197 : Featured in Victorian Fiction: ‘The Amber Beads’ of 1898

Black men and women were employed as servants in the Victorian era, as can be seen on the following pages of this website: Jamaican valet Andrew Bogle in Dorset in the 1830s and 1840s [page 161], child nurse Harriet Jacobs in Berkshire in 1845 [page 151] and another American, ladies maid Julia Jackson who appears in the London census of 1861 [page 160]. There was the African gardener George Watteau who lived in Chislehurst, Kent from the 1880s and died there in 1931 [page 155], the Jamaican servant Ann Styles who lived in London working for the same family for over sixty years [page 131], and others.

Most Victorian British novelists seem to mention black people in their stories set in Britain although Dickens did not — in his Oliver Twist he made the London king of thieves Fagin, a Jew: the behaviour of Henry Murphy (who seems to have been from Guadaloupe) in 1834 must have been his inspiration [see page 094].

The prolific writer Fergus Hume (see Wikipedia) had a collection of short stories published in 1898. Hagar of the Pawn-Shop: The Gypsy Detective included his ‘The Amber Beads’, which was republished in Hugh Greene’s The Crooked Counties in 1973, and also in Greene’s Further Rivals of Sherlock Holmes: The Crooked Counties by Penguin in 1976. This story of sixteen pages involves a West Indian house servant in London (‘a tall and bulky negress’) named Rosa who pawns the amber bead necklace.
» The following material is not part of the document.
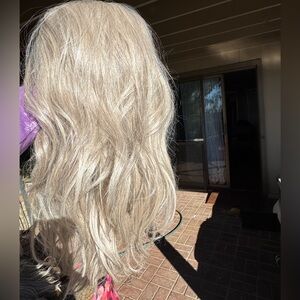 Luxurious Blonde Wavy Hair Wig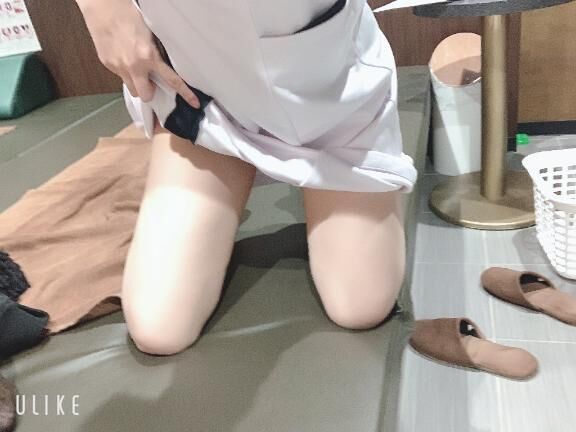 しゅっ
In fact she was impersonated by a white man, and the story involves family plots and suicide – and the black servant is given the necklace and an annuity. Her employer was the widow of ‘a West Indian gent’ and they lived in Bedford Gardens. Oddly, perhaps, this was where the widow and two daughters of African American actor Ira Aldridge (died 1867) lived in the 1890s.

Estimates of the numbers of servants in late Victorian Britain agree that at least one million people did such work, and so we should not be surprised that contemporary fiction included black servants.